Üstelik bu süreçte Kürt kentlerinde kayyımların hiç de çocukça olmayan birçok icraatı ortaya çıkmışken, onların uygulamalarını görmezden gelir gibi AKP’yi mızıkçılık yapmak deyimine sığdırmak doğru mudur? Üstelik tüm bunlar duyulmayacak, görülmeyecek, es geçilecek cinsten de değildi.
Kılıçdaroğlu’nun Ankara Çubuk ilçesinde düzenlenen cenaze töreninde linç girişiminden zar zor kurtulması tam bu döneme denk gelse de, Öztrak’ın söyleminde zerre kadar değişikliğe neden olmamıştı. Kılıçdaroğlu orada tekmelenip tokatlansa, mutlak bir ölümden zor kurtulsa da İBB seçimleriyle ilgili her kamera karşısına geçtiğinde mızıkçılık yapmakla başlıyor, mızıkçılık yapmakla bitiriyordu partisi adına yaptığı açıklamalarını. Halen daha da söyleminde en ufak bir değişiklik yapmamıştır, sanki keyifle yapıyor bunları. Faik Öztrak bütün bunları çocukça bir oyun mu sanıyor yoksa?.. CHP içinde bu konunun farkına varıp da Öztrak’a olumlu anlamda müdahale edecek hiç kimse yok mu?.. İnanmıyorum...
Bir parti sözcüsü olması, açıklamalarını beraber kaleme alan danışmanlarının olması, milletvekillerinden oluşan yakın mesai arkadaşları düşünüldüğünde bu acemiliği Öztrak’ın kişisel tercihiymiş gibi görmek de doğru olmaz. Doğrusunu isterseniz iktidarı elbirliğiyle masumlaştırdıklarını da düşünmek istemiyorum. Gel de çık bu işin içinden...
*Geçtiğimiz hafta Halfeti’de yapılan işkenceler mızıkçılıkla açıklanabilir mi? Yoksa doğuda başka iktidar batıda başka iktidar mı var, ya da siz öyle mi görüyorsunuz.
*İstanbul il başkanı Canan Kaftancıoğlu hakkında sosyal medya paylaşımları nedeniyle başlatılan soruşturmayı mızıkçılıkla mı açıklayacağız?
*Ekrem İmamoğlu’na yapılan montaj videolar ve ‘esnafı tokatladı’ yalanını mızıkçılık yapmakla açıklamak mümkün mü?

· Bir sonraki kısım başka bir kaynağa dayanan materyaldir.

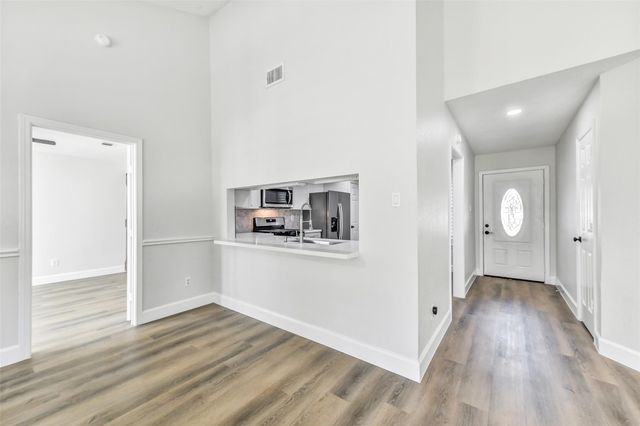 3813 Teakwood Drive, La Porte, TX 77571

*Bunca yolsuzluk, yoksulluk, taciz-tecavüz, kadın cinayetleri, ölümüne kaçanlar, içeri atılan politikacılar, gazeteciler, yazarlar ve akademisyenlerin olduğu bir ülkede iktidarın yaptıklarını çocukça bir oyunmuş gibi mızıkçılık yapıyorlar diye açıklayabilir miyiz?
Ortadoğu batağına saplanmış, Kürt kentlerinde taş üstünde taş bırakmamış, ekonomiyi dibe çöktürmüş bir iktidara sağcısından solcusuna herkes faşist derken ana muhalefet partisinin sözcüsü olarak ‘mızıkçılık yapıyorlar’ gibi masumlaştırıcı bir ifade kullanmanızın kimseye fayda sağlamayacağı ortadadır. Elbette ki küfredin demiyorum ama yaptıkları ve yaşattıkları üzerinden doğru bir dil kullanarak muhalefet edin. Anlayana sivri sinek saz, anlamayana davul zurna az.